XIX. yüzyılın sonunda Gaspıralı’nın Tercüman gazetesi, Rusya, Türkiye ve İran’daki benzeri yayınlar Özbekler ve Tacikler arasında da yayılmaya başlayınca liberal düşüncenin etkisi daha da kuvvetlendi. 1893’te Gaspıralı Orta Asya’ya geldiğinde eğitim reformu konusundaki düşüncelerini paylaştı. Böylece Orta Asya’nın bazı kentlerinde Tatarlar tarafından birkaç yeni reform okulu açıldı. 1897’de Andican’da, 1898’de Semerkant ve Tokmak’ta, 1901’de Taşkent’te ilk Usûl-i Cedit Okulları açıldı. Semerkant’ta ilk Usûl-i Cedit Okulu Gaspıralı’nın gezisi sırasında Gani Bay Hüseyinzade tarafından açıldı. Burada öğretmenlik yapan Bakülü Sultanmecit Ganizade, o kadar kısa bir sürede okuma öğretir ki, halk bu okula “makineli mektep” adını vermişti. 1901 yılında Buhara medreselerinde eğitim gören Münevver Kâri (1878-1931), Tatar reform okullarını örnek alarak Taşkent’te ilk Özbek reform okulunu açtı (1901). Bu okul bütün Türkistan’daki Cedit okullarının en düzenlisi oldu. Ondan iki yıl sonra da Mahmud Hoca Behbudî Semerkant’ta Yeni Usûl Okulunu açtı. Eğitimde reform için ilk hareketi başlatan Behbudî (1874-1919), aynı zamanda bu reforma karşı çıkan kadimci din adamlarıyla da mücâdeleye başladı.

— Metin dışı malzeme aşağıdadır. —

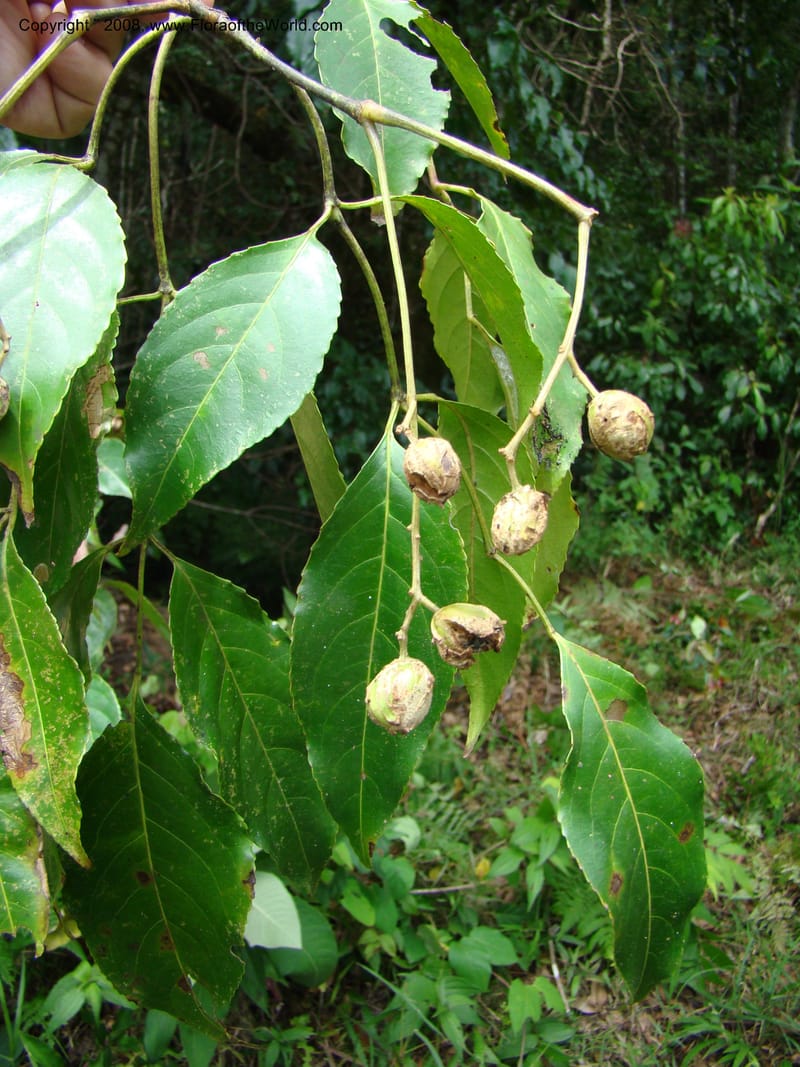 Turpinia occidentalis, NMartinezM2410--MX. Chiapas. Cta. Guapilla-Tapalapa. 13 Sep 08. 215.jpg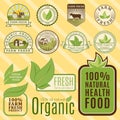 Bio farm organic eco healthy food templates and vintage vegan green color for restaurant menu or package badge vector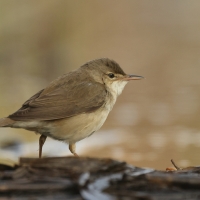 Trzcinniczek - Acrocephalus scirpaceus - Common Reed Warbler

Kadın hakları konusunda Tatar kadınları Türkistanlı kardeşlerine öncülük ettiler. Örnek olarak Kazan’da 1913-18 yılları arasında çıkan Süyüm Bike dergisini göstermek mümkündür. Derginin sayfalarında Tatar kadınların, Türkistan kadınlarının durumu değiştirmek için yaptıkları faaliyetler anlatılmaktadır. 1914 yılında Fergana’yı ziyaret eden Zeki Velidî, sokaklarda Rus, Yahudi ve Çingene kadınlarına rastladığını, fakat Müslüman kadınları hiç göremediğini söylemektedir. “Bizim (Tatar ve Başkurt) örtülü kadınlarımız Fergana kadınlarıyla karşılaştırılamayacak derecede ileri seviyededir,”51 demekteydi.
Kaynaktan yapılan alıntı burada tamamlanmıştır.